Blubber for Bibles

The Global Bible project is focussing on three case study regions: the Arctic, Australia and Oceania and West Africa. This blog relates to missions to the Inuit people of the Arctic. After the defeat of the United Kingdom of Denmark Norway in the Napoleonic wars, the British and Foreign Bible Society was more actively involved in supporting and publishing translations into the Inuit languages of Greenland and British North America.  

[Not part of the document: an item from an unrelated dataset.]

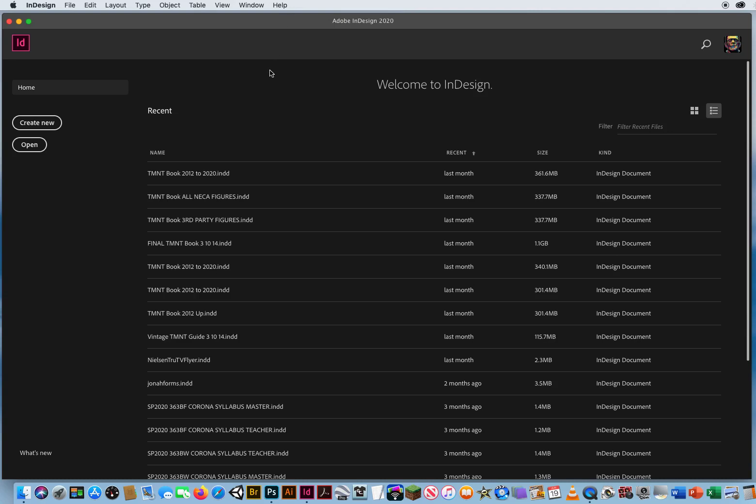Welcome to the third of the three musketeers here in computer graphics, and this is Adobe InDesign. Adobe InDesign is a page layout or desktop publishing program. Anything that you hold in your hands that is made up of multiple pages is going to be Adobe InDesign.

In 1821, English readers were encouraged by remarkable news from the Moravian missions in Labrador. In their ‘Monthly Extracts’, the Bible Society reported that the Moravian missionaries in Okkak, Labrador, August 8, 1821, thanked the Society for the ‘valuable present of more copies of the New Testament in the Esquimaux language’ (Latrobe 1821).  From Nain, there was a report of an even more practical and enthusiastic reception. Brother Benjamin Kohlmeister (1756-1844), wrote that ‘several of our Esquimaux’ had decided ‘of their own accord’ to make a collection of seal blubber for the Society (Kohlmeister 1821: 103). Some brought whole seals, others smaller sections in the name of their children. Having received their own version of the Bible, they now wished to see the work continued for peoples elsewhere. 

They begged me to send this collection of blubber (yielding 30 gallons of oil) to those generous friends who printed the Bibles for them, that more heathen might be presented with that book ‘so precious above all things.’  

Kohlmeister’s letter was soon copied by other evangelical journals (Christian Observer 1821: 787) as a particularly pleasing response to the British and Foreign Bible Society which had funded and shipped the ‘Esquimaux Bible’ to the Moravian missions in North America. 

At one level, the Moravian report is a strong indication of the agency of the new Moravian Christians in Newfoundland. It also reflected the ethos of the Bible Society, which discouraged the gratuitous distribution of Bibles, even among the very poor, in favour of a subscription. In England, a local committee (Dudley 1821: 412) reported, ‘The readiness of the poor to make their periodical payments is most gratifying.’ The Bible was a privilege to be earned, not imposed or given away without recognition of its cost. 

The Global Bible project is examining how the extension of these principles impacts on the translation of the Bible among non-literate peoples in areas of expanding European colonisation. For the Inuit people of Greenland, this meant encounters mediated through missionaries from German lands, especially Lutherans and Moravians. Moravians were also active in British North America and in Newfoundland they secured more or less exclusive access to trade and proselytise the local people. As traders, the Moravians were the catalyst for dramatic changers in the economy of the Inuit peoples of the North.  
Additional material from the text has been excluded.